Only when sin is bitter does grace become truly sweet.
The same book of the New Testament that spends so much time exposing our sin now urges us to receive God’s grace. “We are justified by his grace as a gift through the redemption that is in Christ Jesus, whom God put forward as a propitiation by his blood to be received by faith” (Romans 3:25). That word “propitiation” means that Christ’s death turns away God’s wrath for all who believe on Christ.
Who is qualified to turn God’s wrath away? Only He Himself can do so, through the work of Christ. So Christ became the propitiation for sin – that is, He diverted the wrath of God to Himself so that we could be forgiven. God demanded a sufficient sacrifice, and God Himself, through Christ, supplied what He demanded. Yes, some other religions also require a blood sacrifice, but only in Christianity does God become the sacrifice. “God was in Christ, reconciling the world unto himself” (2 Corinthians 5:19).
To rescue us, God didn’t just throw us a life preserver; Jesus got into the murky water of this world to scoop us to safety. Only He could rescue us from the dark rebellion of our own hearts. Let us never move from “I appreciate grace” to “I deserve grace.” If we deserved grace, it would not be grace.

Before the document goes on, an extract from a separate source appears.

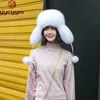 100% Real Fox Fur Hat Women Russian Ushanka Trapper Snow Skiing Hat Caps Earflap Winter Raccoon Fur Bomber Hat 231225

How far does God’s grace extend? To the vilest of sinners, to criminals of every stripe. To evil Nazis? Yes, to evil Nazis. That’s what I learned from the book Mission at Nuremberg by Tim Townsend. It is the story of a devout Christian chaplain, Henry Gerecke, who was sent to Nuremberg to represent the Allies as a spiritual advisor to the 21 war criminals held at Nuremberg, Germany, in 1945 (15 were Protestant, 6 were Catholic). Gerecke invited them to religious services and most came; some did not. He spent time with them, sharing the gospel, and refused to give them communion unless they repented and believed the gospel. He thinks that five did so, perhaps as many as seven.
I give but one example:
Joachim von Ribbentrop was Hitler’s foreign affairs minister, found guilty of war crimes and the first to be hung at Nuremberg in 1946. Thanks to Gerecke’s witness, God overcame this criminal’s hard heart. Before his death, he affirmed, “I put all my trust in the blood of the Lamb, that taketh away the sins of the world.” He asked that God would have mercy on his soul. Then, taken to the trap door to be hung, his last words to the chaplain were, “I’ll see you again.”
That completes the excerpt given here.